If there’s one company in the ASX 100 that investors appear to overlook more often than not, it would have to be DuluxGroup Limited (ASX: DLX). The $2 billion market cap company was demerged from Orica Ltd (ASX: ORI) in 2010 and sells a range of paints, coatings, home improvement and gardening products to hardware and general stores all around Australia.

The company’s brands include everyday names like Dulux and Cabot’s paint, to Selleys, Garador, and even Yates garden products.

Quality and Resilience

Dulux is well known for providing quality products but is coming under pressure from larger international competitors moving into the local market. Margins have held up surprisingly well and the improving domestic housing market is expected to provide a boost to sales this financial year (which ends on 30 September).

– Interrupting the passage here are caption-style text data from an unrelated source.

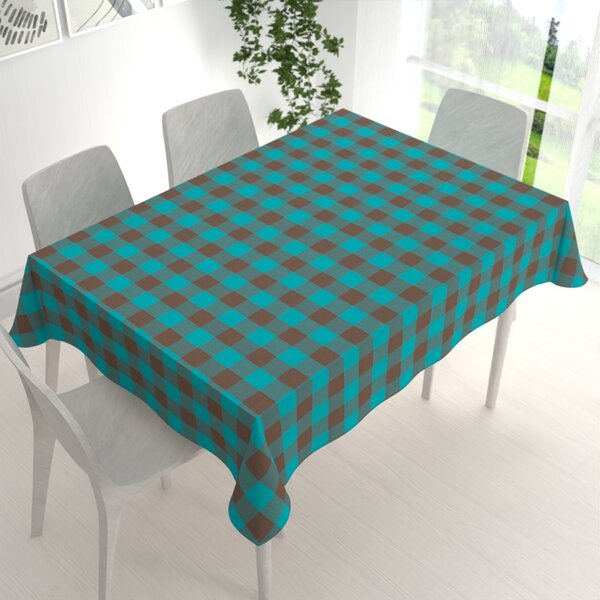 Biante Bavlnený obdĺžnikový obrus Olivia OL-018 Tyrkysovo-hnedá kocka veľká 50x100 cm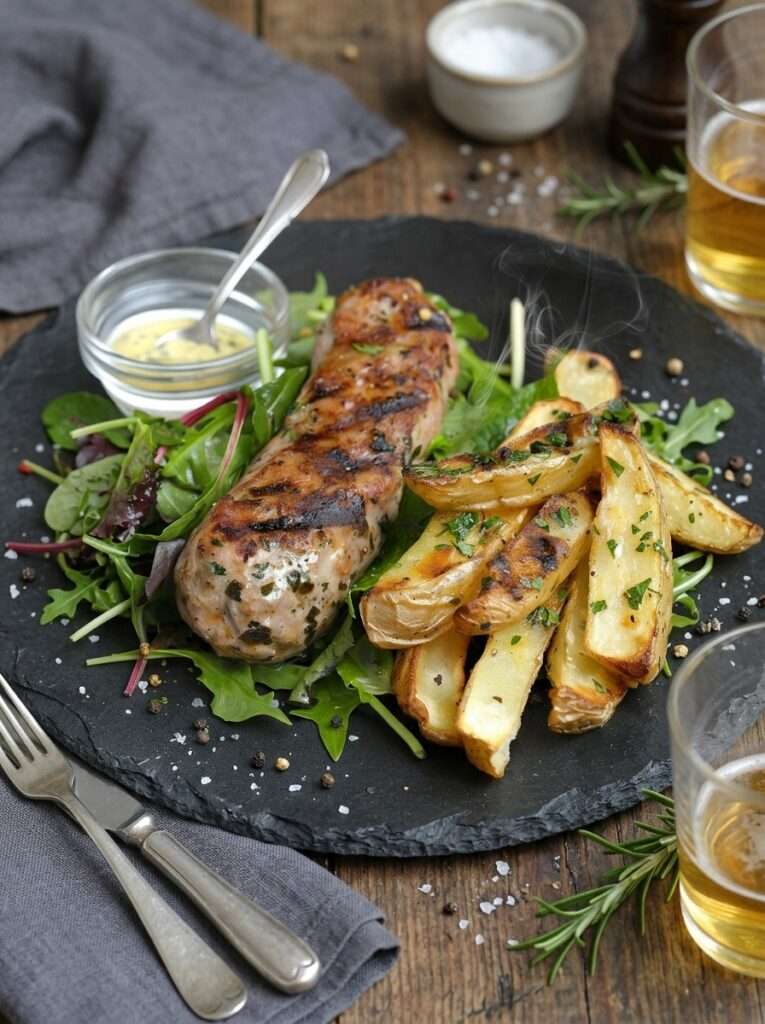 Andouillette au vin blanc crémeuse aux échalotes servie avec sauce à la crème et pain frais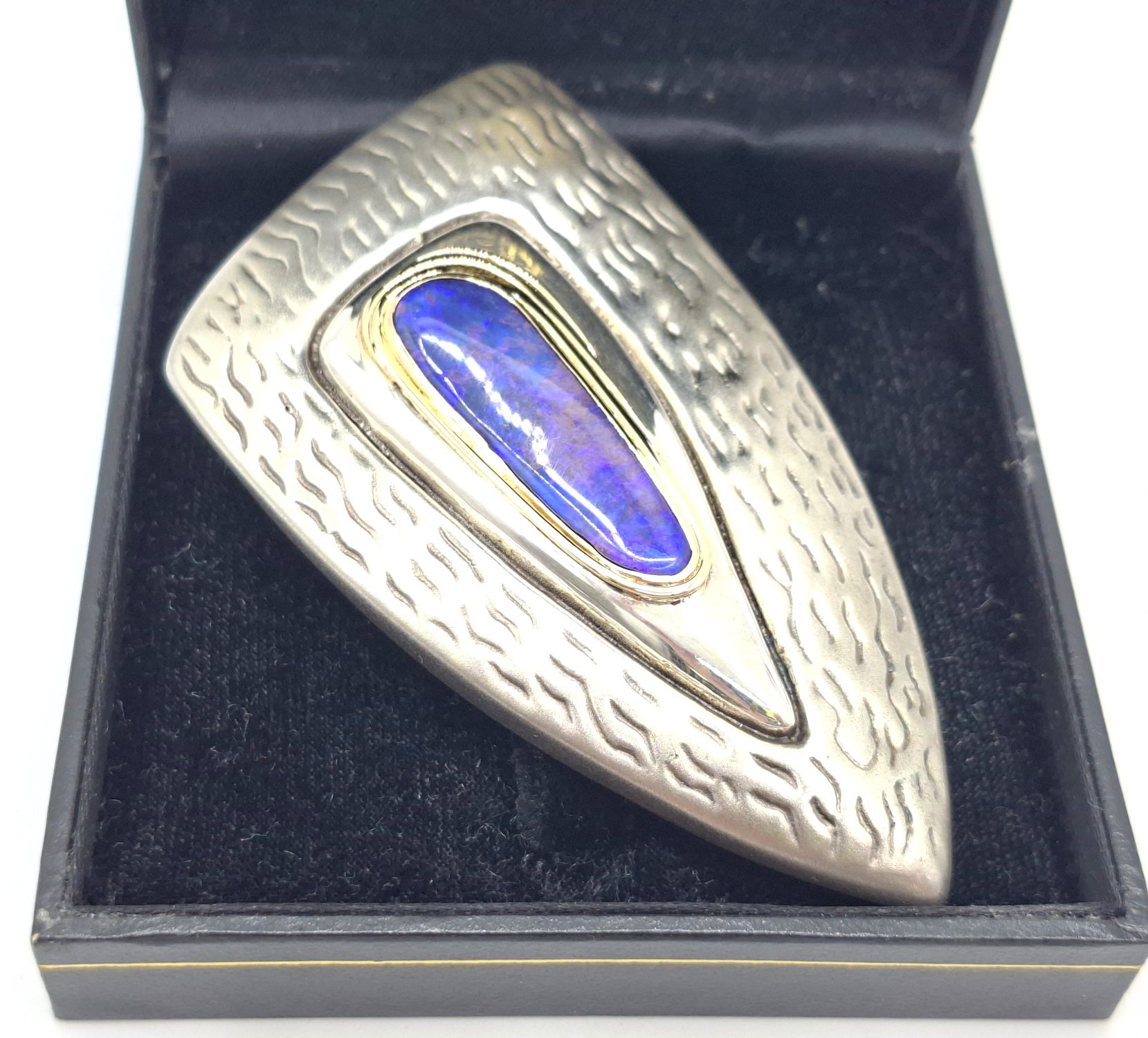 155 · STERLING SILVER OPAL BELT BUCKLE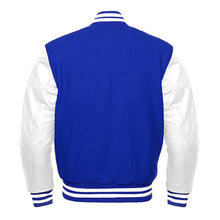 Load image into Gallery viewer, Varsity Premium Quality Plain Royal Blue Polyester Body & White PU Sleeve Jacket
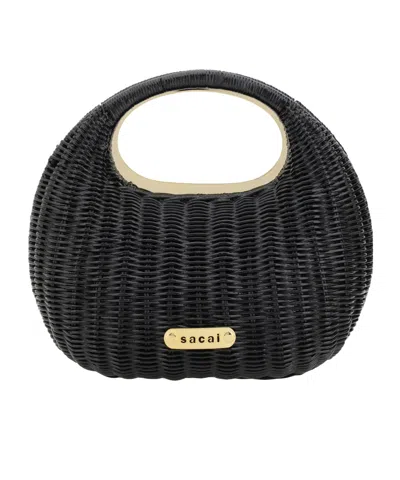 SACAI SACAI LOGO PLAQUE ROUND BAG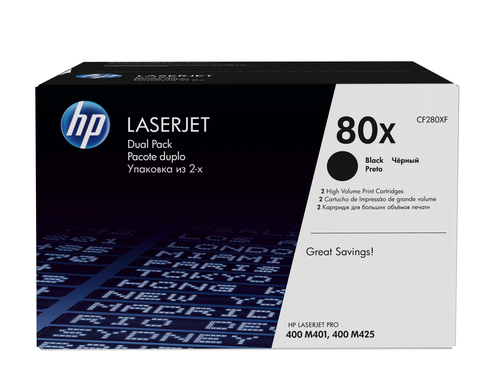 80X 2-pack High Yield Black Original LaserJet Toner Cartridges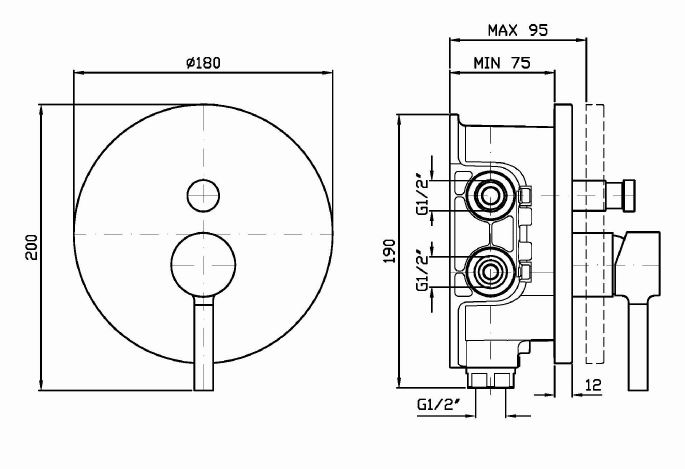 Смеситель Zucchetti Pan для ванны и душа ZP6096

Highlighting the domestic tailwind was the 33% improvement in first-half profit, however the result was boosted by the contribution from the acquisition of Alesco in November 2013. The acquisition was well received by the market and has given Dulux better access to the new-home market, which is forecast to remain strong in NSW, QLD and Victoria.

Alesco’s offering of garage doors and associated hardware complements Dulux’s existing product range well.

Solid Growth

The acquisition of Alesco has provided an instant boost to the group’s earnings and analysts expect the group to achieve net profit of $110 million this year, up 33% from the year before, and $123 million in 2015, another 12% growth.

This should result in the dividend increasing from 17 cents last financial year to 20 cents this year, and 23 cents in 2015. This corresponds to a yield around 4%, which is fully franked.

Dulux’s position as the domestic market leader in the traditionally boring home improvement market means that it can often be overlooked by investors. One downside is the group’s large debt load, however cashflow is strong and will support continued debt repayment. Analysts expect group debt to have peaked in the 2013 financial year and be rapidly reduced over the next two financial years.

Really, the only downside is that Dulux is trading on a price to earnings ratio of around 18.5 and could be sold down if earnings don’t match expectations when released in October.